--- START ---

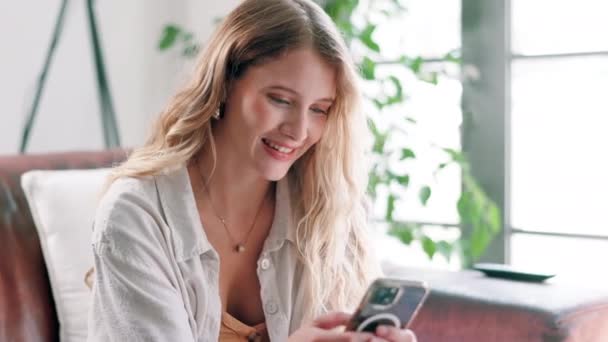 Woman, cellphone and laughing for internet at home for digital communication, networking or scroll. Female person, sofa and smartphone or reading social media in apartment or relax, search or online. - Footage, Video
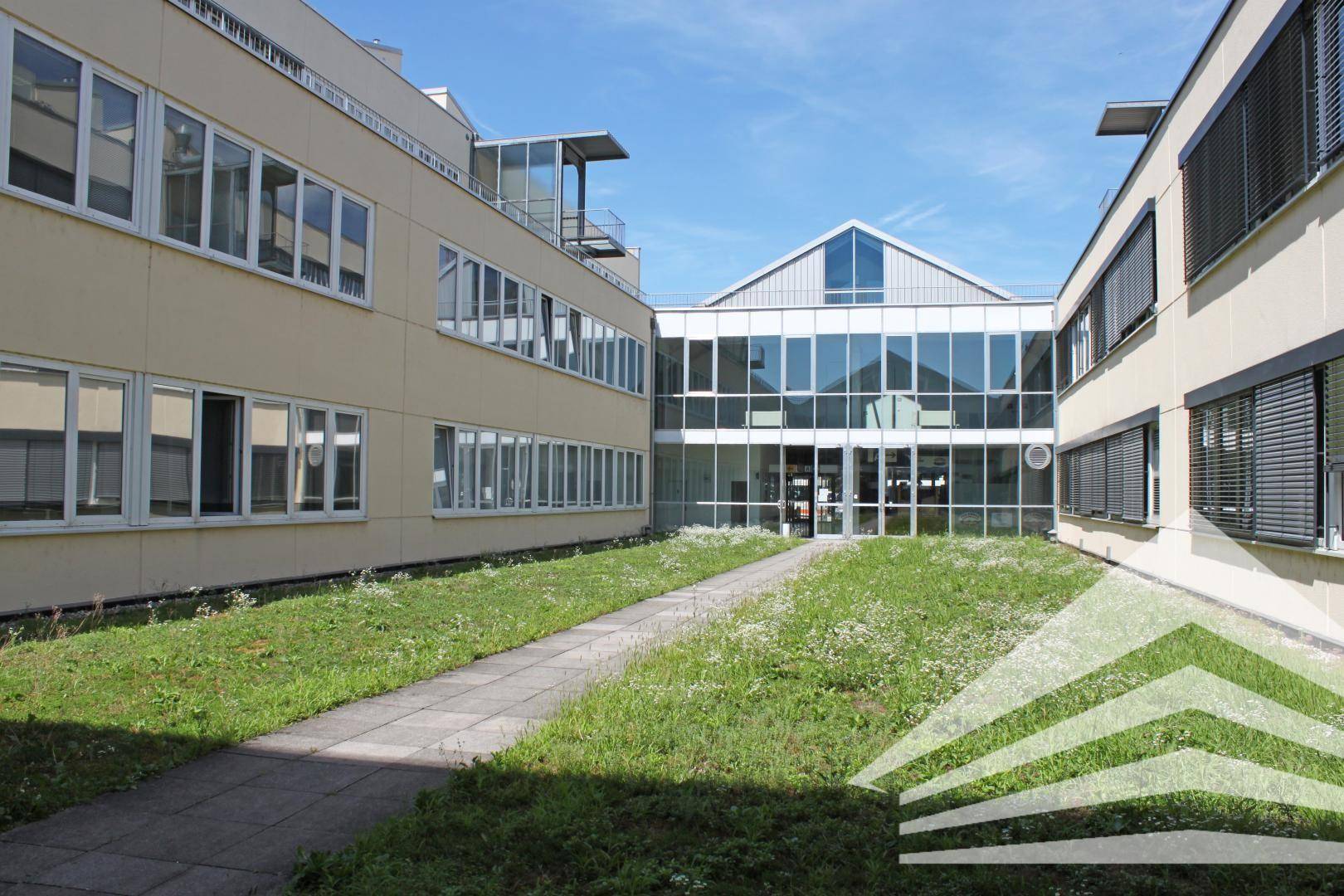Innenhof eines modernen Bürogebäudes mit Glasfassade und einem begrünten Weg, unter blauem Himmel.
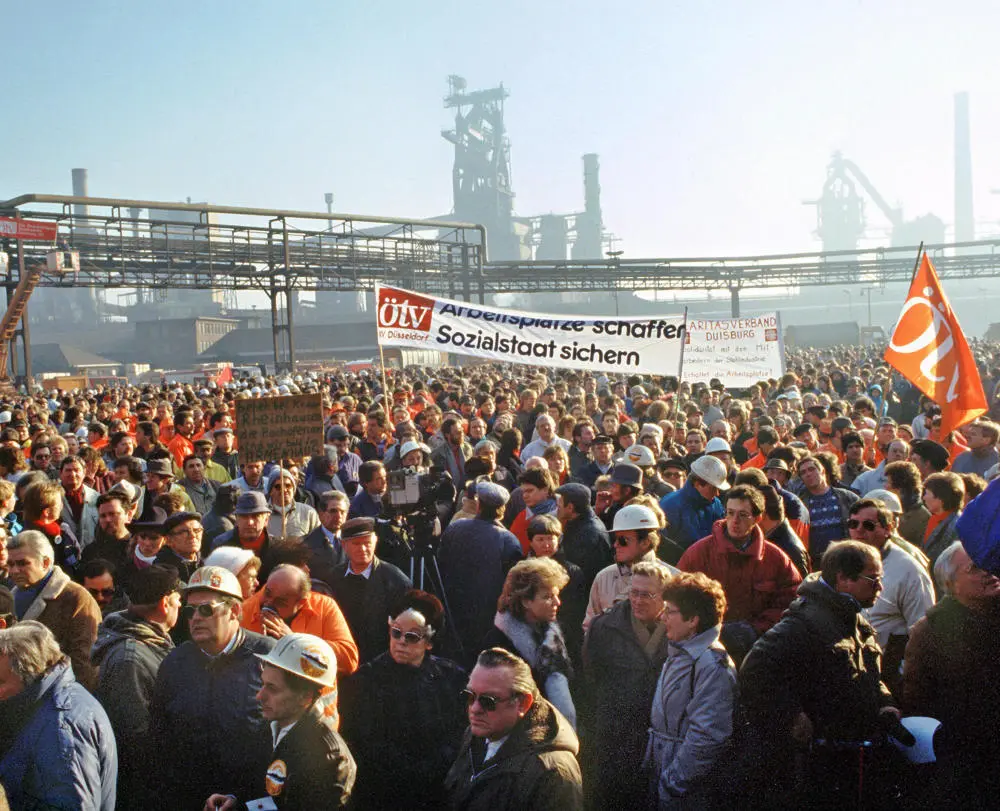 Demonstranten versammeln sich, Stahlwerk im Hintergrund.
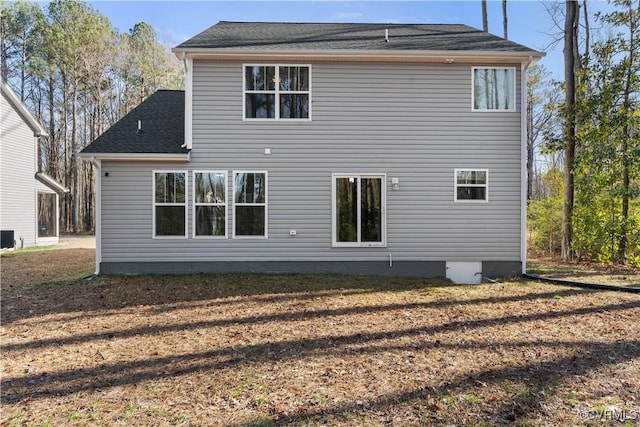 back of property featuring roof with shingles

--- END ---

WORK TO BE COMPLETED: Exactly the lines from the one that contains "Innenhof eines modernen" to the last line of the data, both included, should be set down, and no pictures should appear among them.

FINISHED EXERCISE:
Innenhof eines modernen Bürogebäudes mit Glasfassade und einem begrünten Weg, unter blauem Himmel.
 Demonstranten versammeln sich, Stahlwerk im Hintergrund.
 back of property featuring roof with shingles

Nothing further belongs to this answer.